## Assignment
What you produce should be the lines from the line containing "Taza De Café" through the last line below, both ends included, reproduced exactly and without pictures.
BEGIN
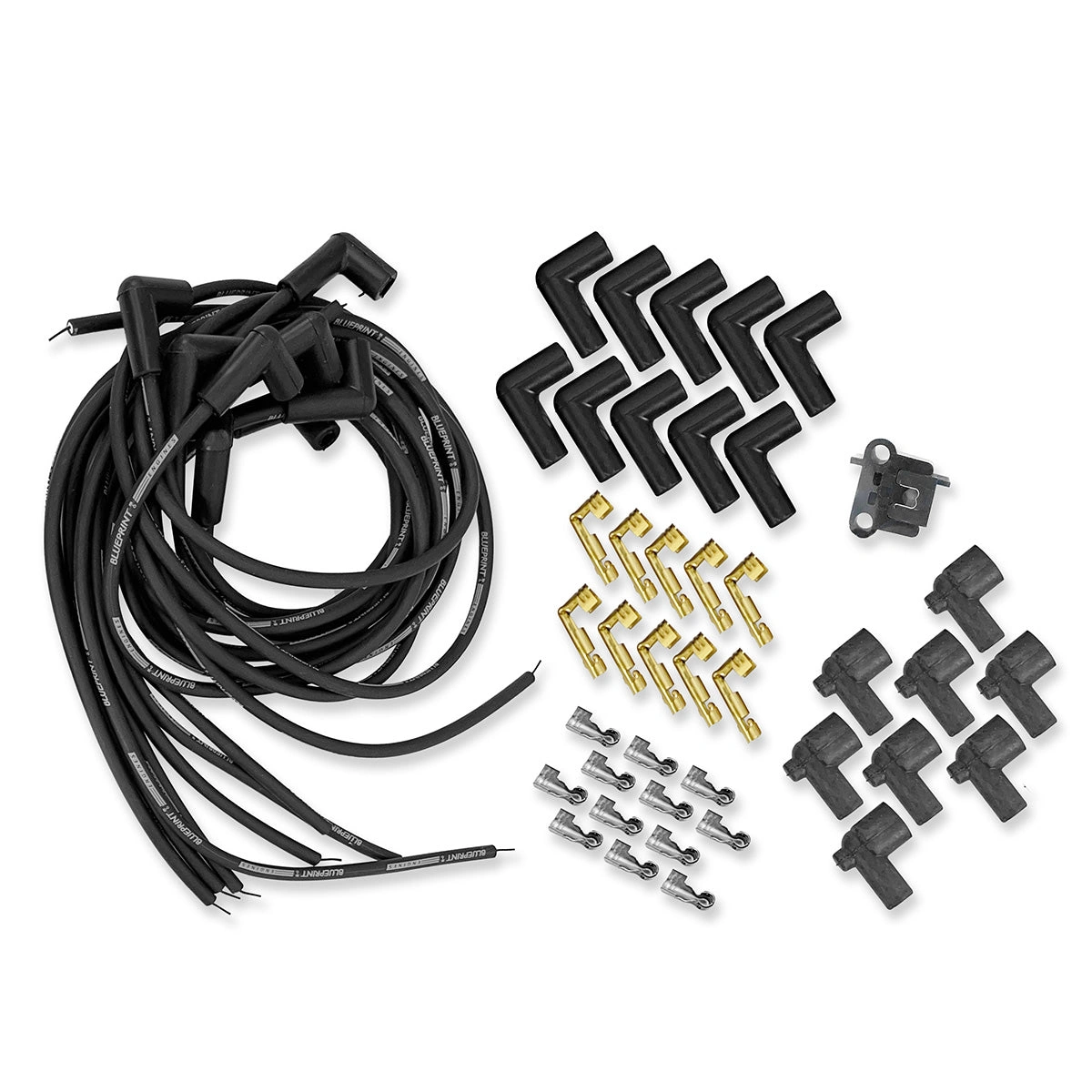 8mm SPARK PLUG WIRE SET - 90 DEGREE BOOTS - SMALL BLOCK CHEVY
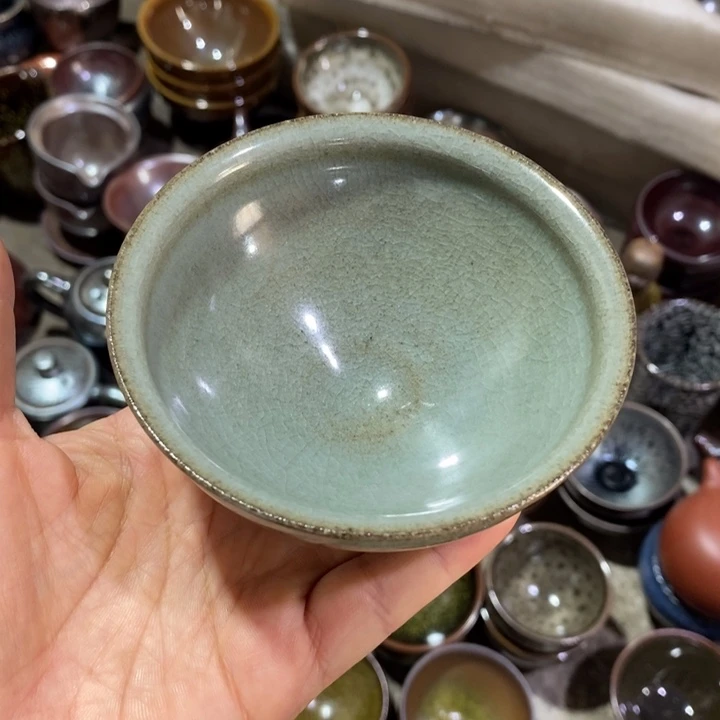 万***傑茶盏建阳建盏微瑕官帽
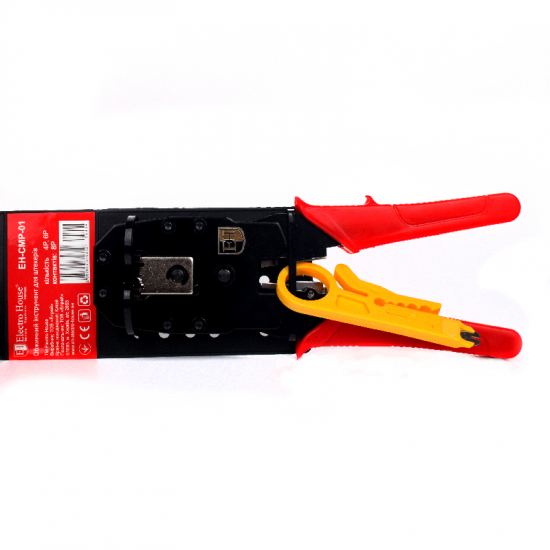 ЕН-СМР-01 Обжимний інструмент для штекерів TF/UTP/FTP 4p 6p 8p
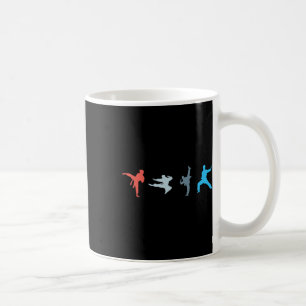 Taza De Café Arte marcial retro atleta del cinturón negro depor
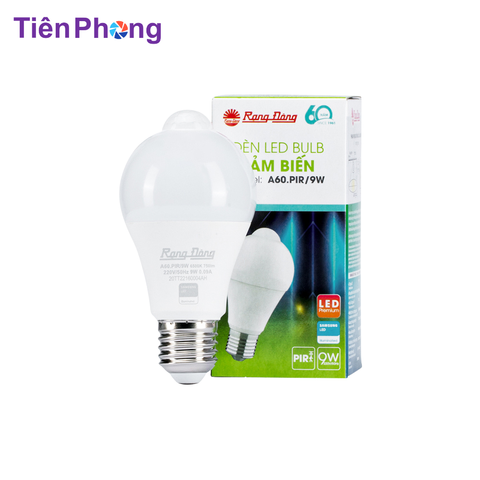 Bóng đèn LED Bulb tròn cảm biến PIR Rạng Đông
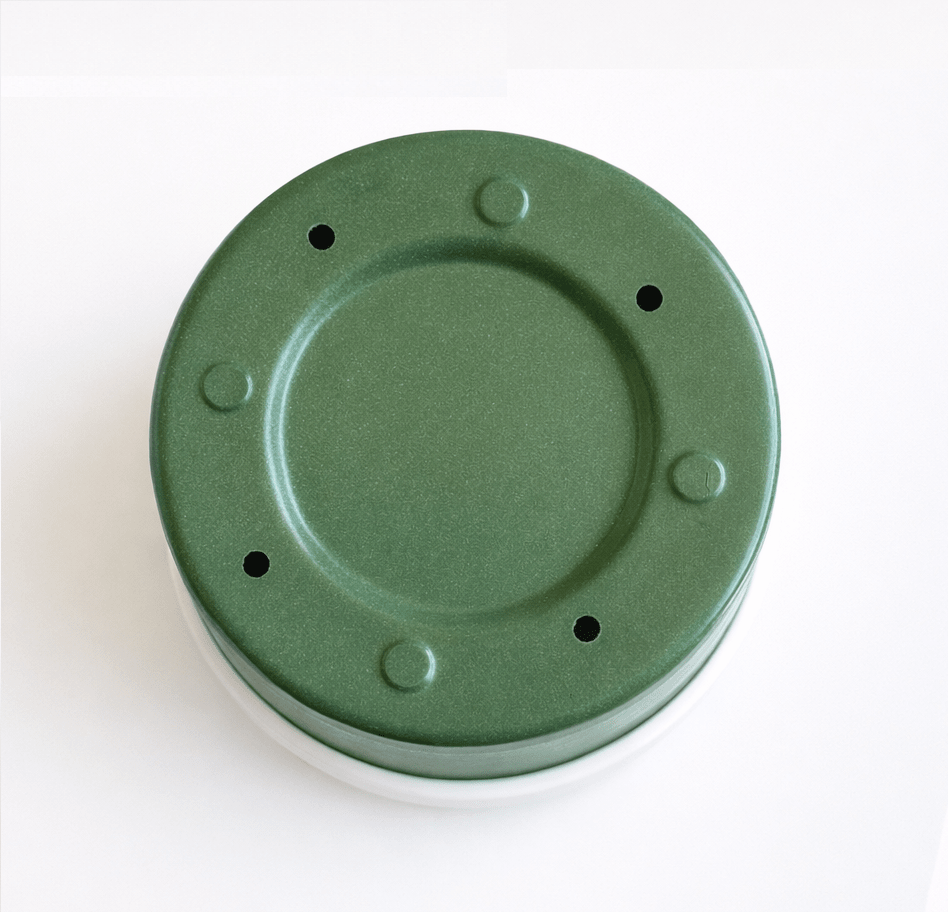 Set de Macetero con Plato Clásico Musgo 25x25x17 cm5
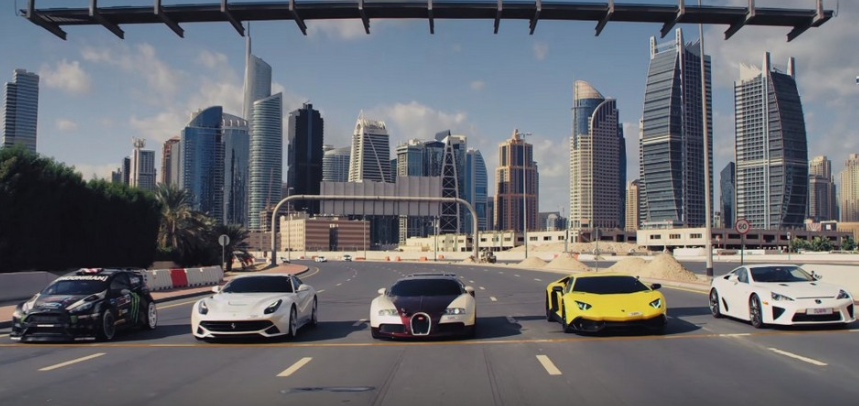 Dubai Police have a supercars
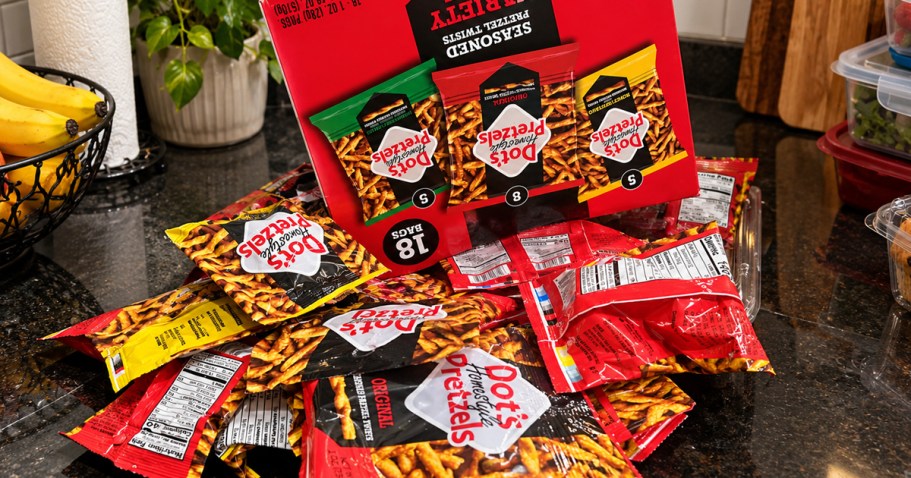 Dot’s Pretzels 18-Count Variety Pack Only $7.47 Shipped on Amazon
END
## Solution for this exercise
 Taza De Café Arte marcial retro atleta del cinturón negro depor
 Bóng đèn LED Bulb tròn cảm biến PIR Rạng Đông
 Set de Macetero con Plato Clásico Musgo 25x25x17 cm5
 Dubai Police have a supercars
 Dot’s Pretzels 18-Count Variety Pack Only $7.47 Shipped on Amazon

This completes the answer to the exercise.